He was just one Pinkham in the massive city of well over a million people, but he had the heart of a lion tamer. Alone in the enormous city, he pushed himself every day to distribute flyers about the medicine to apartment doors throughout Brooklyn and talking up the drugstore owners and drug wholesalers, trying to make them believe that women were clamoring for Lydia E. Pinkham’s Vegetable Compound. He bought a map of Brooklyn, studied it to lay out the routes he would take through neighborhoods of Irish, Dutch, and others, then distributed pamphlets with a speed and thoroughness that would have made Johnny Appleseed jealous. His letters to Will back in Lynn resounded with repeated determination that New York was the place and the means for them to succeed or fail, “I think we had better continue to advertise in this locality [Brooklyn] till we either get it general, get rich or bust. … When [the medicine] becomes general in NY our fortune is made.”

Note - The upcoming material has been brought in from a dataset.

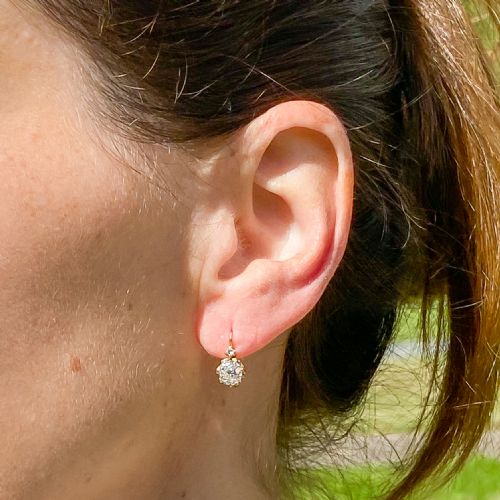 fig 1. Mid Century 1.53 Carat Old Cut Diamond Earrings, circa 1950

Focusing all of his thoughts and energies on growing the business, Dan dreamed up some big ideas to improve sales and he peppered his letters to the family back home with his frequent brainstorms, like writing notes on small cards, as if from a satisfied customer, and leave them in parks and cemeteries (noting, “there all such frauds as that”); adding “kidney complaints,” to the list of problems the medicine would cure; having the Pinkham trademark picture include some New England scenery “with a humble cottage”; lowering the price, and several more. As he explained to the family back home, they had to approach this business venture with boldness, “There is no use doing business unless we do a devil of a business.” The equivalent phrase in today's parlance would be: “Go big or go home.”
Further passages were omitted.